# MNIST Handwritten Digits and a Modern LeNet-5

In [1]:
%matplotlib notebook

import numpy as np

from sklearn.naive_bayes import GaussianNB
from sklearn.linear_model import LogisticRegression
from sklearn.neighbors import KNeighborsClassifier

from mnist import mnist_data
from mnist import mnist_visuals
from deep_learning import nn_layers
from deep_learning import nn_optimizers
from deep_learning.nn import NeuralNetwork
import models

## 1. Task: Image Recognition for Handwrittten Digits

### MNIST Dataset

The [MNIST database of handwritten digits](http://yann.lecun.com/exdb/mnist/) is one of the canonical datasets for machine learning. Each sample is a 28x28 pixel grayscale image of a handwritten digit. This dataset consists of 60,000 training images and 10,000 test images.

In [2]:
X_train, X_test, y_train, y_test = mnist_data.load_mnist()

Here are some sample images from the training data:

In [3]:
np.random.seed(0)
mnist_visuals.show_images(X_train, y_train)

<IPython.core.display.Javascript object>

### Evaluation Criteria

We will use a simple evaluation metric: accuracy against the 10,000 test images.

Some improvements to the metric could be considered:

*   using a macro-average of the accuracy(/recall) for each digit
*   adding a penalty for imbalanced performance (e.g., predictions are much better for 9 than 5)

However, when most people report the results of their ML model against the MNIST database, accuracy is used as the standard metric.

We will also look at the time for both training and predictions. Here, we will have the following two scenarios in mind:

1.  **Developing a ML model**: During development, we will often iterate throuh many models. In practice, the training time is the primary driver for the speed of a single iteration. The faster a single iteration is, the more quickly we can iterate through different models.
1.  **Deploying a ML model**: Once the model has already been trained and is deployed in production, only the prediction time matters.

For reference, these models were trained on a laptop with an [Intel i7-8565U CPU](https://ark.intel.com/content/www/us/en/ark/products/149091/intel-core-i7-8565u-processor-8m-cache-up-to-4-60-ghz.html).

## 2. Classical Machine Learning

Before we use deep learning, let's first try some classical machine learning models as a baseline:

*   Naive Bayes
*   Logistic Regression
*   K Nearest Neighbors

For these models, we will use the default settings from `sklearn`, though we will set `njobs=-1` to parallelize and speed up the training if possible.

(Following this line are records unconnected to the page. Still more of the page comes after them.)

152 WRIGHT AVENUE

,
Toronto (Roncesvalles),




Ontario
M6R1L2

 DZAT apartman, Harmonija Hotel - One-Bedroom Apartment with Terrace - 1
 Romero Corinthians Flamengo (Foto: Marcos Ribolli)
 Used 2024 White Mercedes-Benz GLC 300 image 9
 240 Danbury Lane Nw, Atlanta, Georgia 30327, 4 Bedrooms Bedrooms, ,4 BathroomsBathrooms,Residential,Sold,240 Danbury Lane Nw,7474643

Some basic preprocessing will be used: the 28x28 pixels were flattened into 784 features, and each pixel was rescaled from 0-255 to 0.0-1.0.

In [4]:
X_train_flat = mnist_data.preprocess_flat(X_train)
X_test_flat = mnist_data.preprocess_flat(X_test)

### Naive Bayes

In [5]:
gnb = GaussianNB()
models.train_sklearn(gnb, X_train_flat, y_train)

Train: 0:00:00.476


The training time is negligible.

In [6]:
y_pred_gnb, Y_prob_gnb = models.evaluate_sklearn(gnb, X_test_flat, y_test)
mnist_visuals.show_performance(y_test, y_pred_gnb)

Predict: 0:00:00.335
  Score: 55.58%


<IPython.core.display.Javascript object>

The performance, while significanty better than random guessing (10%), is abysmal. Furthermore, the performance is also extremely imbalanced. E.g., this model is very accurate at identifying 1's, but it almost never identifies 5's. On the bright side, predictions are lightning-fast.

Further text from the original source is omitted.